## What to produce
Locate the line containing "OATIPHO Bolsa de" in the material below; repeat it and every line after it, exactly as written.

## Materials provided

....................

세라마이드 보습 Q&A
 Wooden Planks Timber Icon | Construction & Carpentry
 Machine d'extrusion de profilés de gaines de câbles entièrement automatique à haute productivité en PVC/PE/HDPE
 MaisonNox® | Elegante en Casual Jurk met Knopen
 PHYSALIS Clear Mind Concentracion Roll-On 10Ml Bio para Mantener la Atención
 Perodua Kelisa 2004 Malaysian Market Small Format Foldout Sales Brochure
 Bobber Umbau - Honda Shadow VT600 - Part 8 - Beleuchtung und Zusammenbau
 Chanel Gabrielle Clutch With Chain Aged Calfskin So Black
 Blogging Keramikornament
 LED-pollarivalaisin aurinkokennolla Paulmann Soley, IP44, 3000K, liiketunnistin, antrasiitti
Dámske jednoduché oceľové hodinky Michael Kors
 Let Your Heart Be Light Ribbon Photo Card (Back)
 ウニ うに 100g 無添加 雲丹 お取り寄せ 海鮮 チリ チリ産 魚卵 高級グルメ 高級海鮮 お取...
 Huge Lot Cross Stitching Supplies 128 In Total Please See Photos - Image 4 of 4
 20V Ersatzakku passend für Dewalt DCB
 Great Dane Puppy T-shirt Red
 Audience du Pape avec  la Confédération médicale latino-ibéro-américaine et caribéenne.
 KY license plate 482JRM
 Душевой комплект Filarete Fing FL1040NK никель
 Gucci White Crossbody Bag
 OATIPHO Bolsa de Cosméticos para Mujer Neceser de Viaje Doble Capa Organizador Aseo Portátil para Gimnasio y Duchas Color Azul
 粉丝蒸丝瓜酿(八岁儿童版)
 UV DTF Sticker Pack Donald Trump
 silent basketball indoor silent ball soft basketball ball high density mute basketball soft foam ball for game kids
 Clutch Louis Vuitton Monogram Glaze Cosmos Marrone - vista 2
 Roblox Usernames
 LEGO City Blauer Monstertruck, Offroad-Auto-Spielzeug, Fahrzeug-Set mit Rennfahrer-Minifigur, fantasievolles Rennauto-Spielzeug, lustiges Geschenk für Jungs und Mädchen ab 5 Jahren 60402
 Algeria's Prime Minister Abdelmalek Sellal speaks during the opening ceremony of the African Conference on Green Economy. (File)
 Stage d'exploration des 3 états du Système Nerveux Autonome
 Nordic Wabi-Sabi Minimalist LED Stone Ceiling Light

....................

## Response to this exercise
 OATIPHO Bolsa de Cosméticos para Mujer Neceser de Viaje Doble Capa Organizador Aseo Portátil para Gimnasio y Duchas Color Azul
 粉丝蒸丝瓜酿(八岁儿童版)
 UV DTF Sticker Pack Donald Trump
 silent basketball indoor silent ball soft basketball ball high density mute basketball soft foam ball for game kids
 Clutch Louis Vuitton Monogram Glaze Cosmos Marrone - vista 2
 Roblox Usernames
 LEGO City Blauer Monstertruck, Offroad-Auto-Spielzeug, Fahrzeug-Set mit Rennfahrer-Minifigur, fantasievolles Rennauto-Spielzeug, lustiges Geschenk für Jungs und Mädchen ab 5 Jahren 60402
 Algeria's Prime Minister Abdelmalek Sellal speaks during the opening ceremony of the African Conference on Green Economy. (File)
 Stage d'exploration des 3 états du Système Nerveux Autonome
 Nordic Wabi-Sabi Minimalist LED Stone Ceiling Light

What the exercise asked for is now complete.